You can view the tree of how your SelfAwareData files are related in the datatc web app. To start the web app, run the datatc_app command in your shell and provide the name of the project whose data directory you’d like to view.

>>> datatc_app <registered_project>

This project must have been previously registered to datatc with DataDirectory.register_project(). If you need a reminder of what projects you’ve registered with datatc, run datatc_list.

Note

To use the web app, install datatc with the extra app dependencies: pip install datatc[app]. If you’re using zsh, you’ll need to escape the square brackets with pip install datatc\[app\]


Working with File Types via MagicDataInterface

MagicDataInterface provides a one-stop shop for interacting with common file types. Just point MagicDataInterface to a file path and call save() and load().

from datatc import MagicDataInterface

iris_df = MagicDataInterface.load('iris.csv')
config = MagicDataInterface.load('config/model_params.yaml')

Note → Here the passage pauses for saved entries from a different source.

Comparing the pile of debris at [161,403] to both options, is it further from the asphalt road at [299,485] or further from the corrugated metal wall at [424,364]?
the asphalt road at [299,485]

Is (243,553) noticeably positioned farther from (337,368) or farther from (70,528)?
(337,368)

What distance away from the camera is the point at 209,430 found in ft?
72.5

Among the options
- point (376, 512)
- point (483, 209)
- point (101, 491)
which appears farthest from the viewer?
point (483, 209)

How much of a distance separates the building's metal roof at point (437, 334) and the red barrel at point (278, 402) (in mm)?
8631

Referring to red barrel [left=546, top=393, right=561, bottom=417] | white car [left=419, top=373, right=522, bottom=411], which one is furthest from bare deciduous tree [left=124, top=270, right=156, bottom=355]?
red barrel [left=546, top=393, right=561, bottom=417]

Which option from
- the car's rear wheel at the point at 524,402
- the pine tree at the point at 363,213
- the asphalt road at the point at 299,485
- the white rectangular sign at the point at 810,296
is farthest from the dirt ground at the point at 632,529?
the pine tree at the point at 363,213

MagicDataInterface.save(results, 'results/iris_results.pkl')

See Supported Formats for a list of data types that MagicDataInterface knows how to work with.

If you want to work with a file type that MagicDataInterface doesn’t know about yet, you can create a DataInterface for it:

  1. Create a DataInterface that subclasses from DataInterfaceBase, and implement the _interface_specific_save and _interface_specific_load functions.

  2. Register your new DataInterface with MagicDataInterface:

    >>> MagicDataInterface.register_data_interface(MyNewDataInterface)